A Palestinian stabbed a 72-year-old Jew shopping in Hebron on Wednesday just as Israeli opponents of government peace policies called parliament into session to try to keep troops from leaving the West Bank city.
Rabbi Nissim Gudai, from adjacent Kiryat Arba settlement, was in the Arab vegetable market in Hebron when he was stabbed in the back and seriously wounded. The assailant fled.Israeli security forces closed the area and arrested several Palestinians. Angry settlers turned over vegetable carts in protest.
The attack occurred just as Israel's parliament met in a special session in Jerusalem called by right-wing political parties hoping to prevent the planned handover of Hebron to Palestinian self-rule at least until after May 29 elections.

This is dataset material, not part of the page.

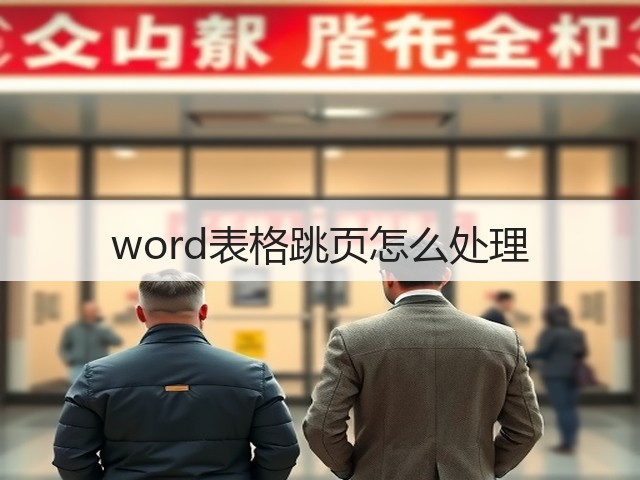 word表格跳页怎么处理(图3) word表格跳页怎么处理(图3)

Outside parliament, several hundred settlers held a protest demanding Israel stay in Hebron.
Opinion polls show Prime Minister Shimon Peres leading right-wing Likud challenger Benjamin Netanyahu by five points, 49 percent to 44 percent. But the polls show that with another seven percent uncommitted, the race could still go either way.
Hebron, traditional burial site of the biblical patriarch Abraham, is holy to both Jews and Moslems and is the only Arab West Bank city with Jewish residents - 400 Israelis living amid about 100,000 Palestinians.
Hebron is also the last of seven West Bank towns occupied in the 1967 Arab-Israeli war still due to be handed over to the Palestinians under peace deals. Israeli troops will remain only in areas where the settlers live.
Peres has promised to press ahead with the handover, delayed by Islamic suicide bombings that killed 59 people in Israel in February and March. But Peres has not said when the transfer will take place.
In Paris on Wednesday, Peres said Israeli and Palestinian negotiators would meet to discuss how to deal with the matter.